## Work task
Beginning at the line with "thiết kế Guardado", please repeat each line exactly through the end of the records below, including that first line and the last, but no pictures.

BEGIN Working data

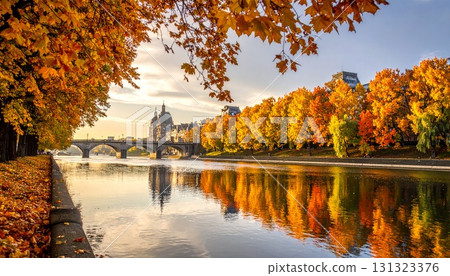 城市河流,兩岸秋色樹木,橋與水面上倒映的金色光芒 城市河流,兩岸秋色樹木,橋與水面上倒映的金色光芒 131323376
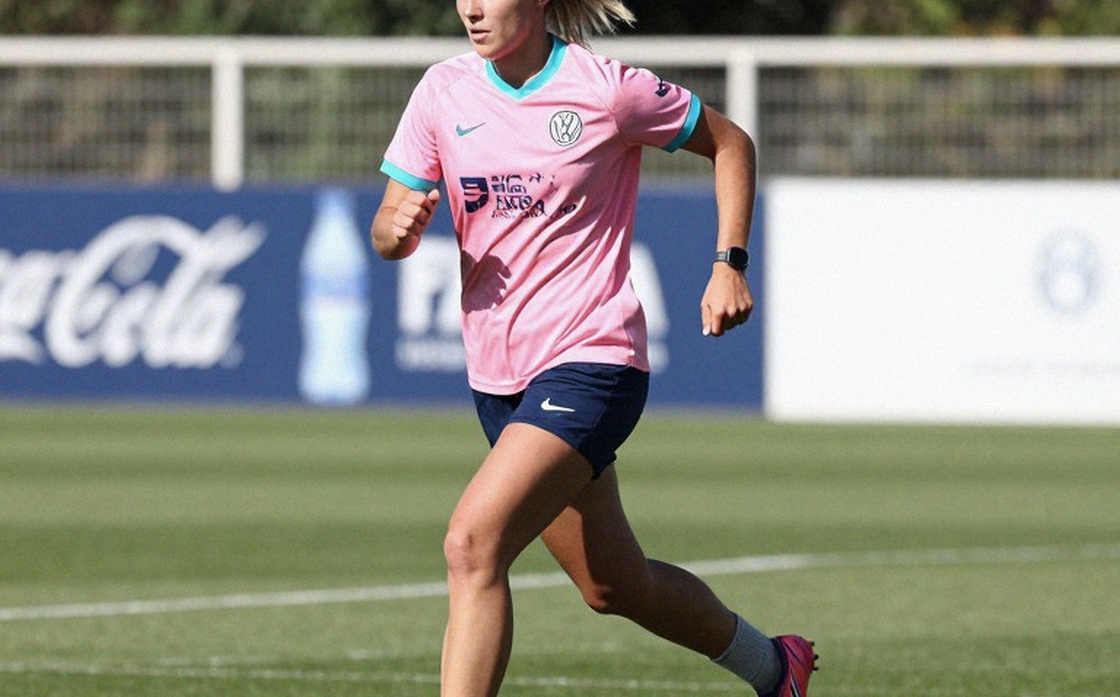 Guardado đặt trọn niềm tin vào Aguirre: Khi Valencia chọn ký ức thay vì bản thiết kế Guardado đặt trọn niềm tin vào Aguirre: Khi Valencia chọn ký ức thay vì bản thiết kế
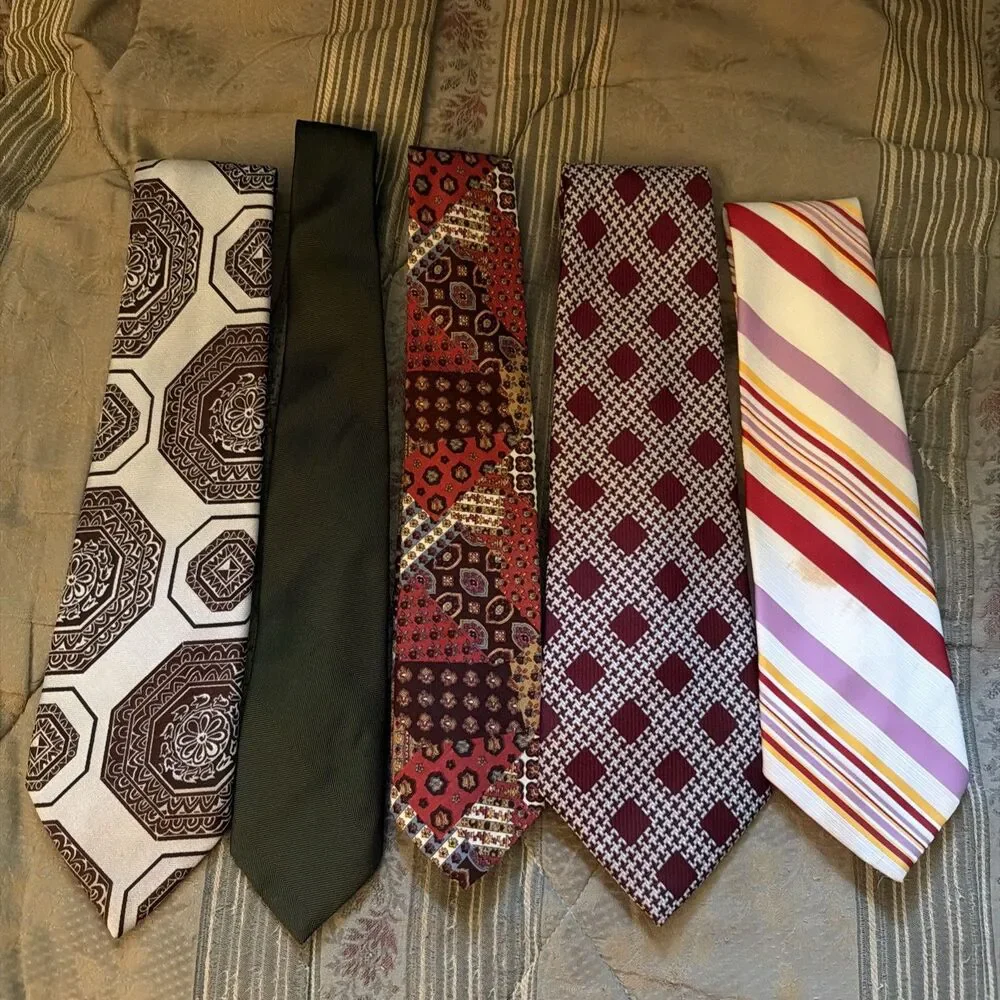 Lot 5 Vintage Necktie Barons by Damon Wemlon By Wembley Golden Emblem Polyester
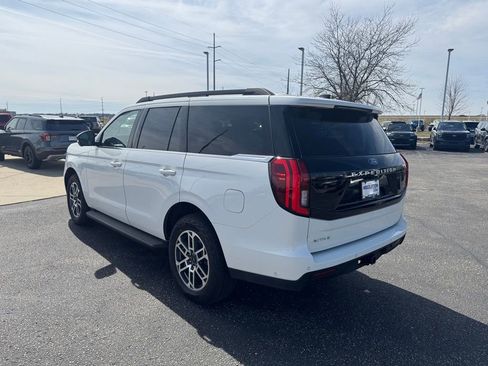 Certified 2025 Ford Expedition Active AWD/4WD image 7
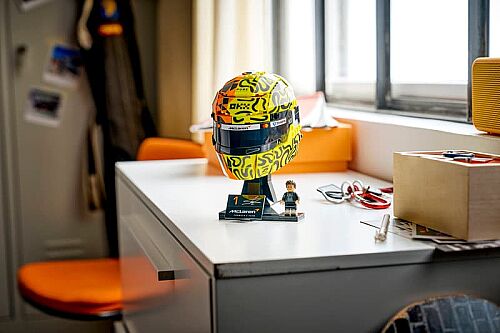 43023 Editions McLaren Mastercard F1® Team Lando Norris Helmet - 9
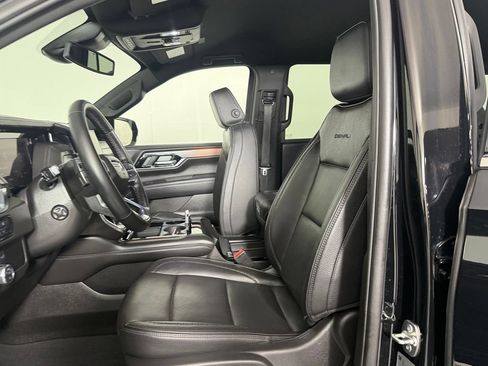 Used 2025 GMC Yukon Denali AWD/4WD image 19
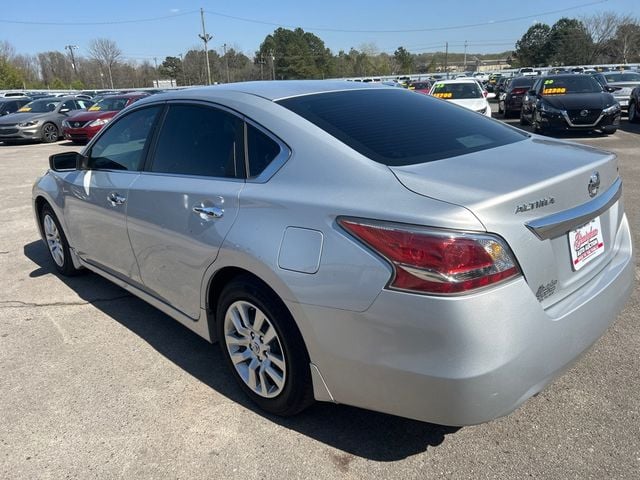 2015 Nissan Altima 4dr Sedan I4 2.5 S - 23001116 - 5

END Working data

## The completed task
 Guardado đặt trọn niềm tin vào Aguirre: Khi Valencia chọn ký ức thay vì bản thiết kế Guardado đặt trọn niềm tin vào Aguirre: Khi Valencia chọn ký ức thay vì bản thiết kế
 Lot 5 Vintage Necktie Barons by Damon Wemlon By Wembley Golden Emblem Polyester
 Certified 2025 Ford Expedition Active AWD/4WD image 7
 43023 Editions McLaren Mastercard F1® Team Lando Norris Helmet - 9
 Used 2025 GMC Yukon Denali AWD/4WD image 19
 2015 Nissan Altima 4dr Sedan I4 2.5 S - 23001116 - 5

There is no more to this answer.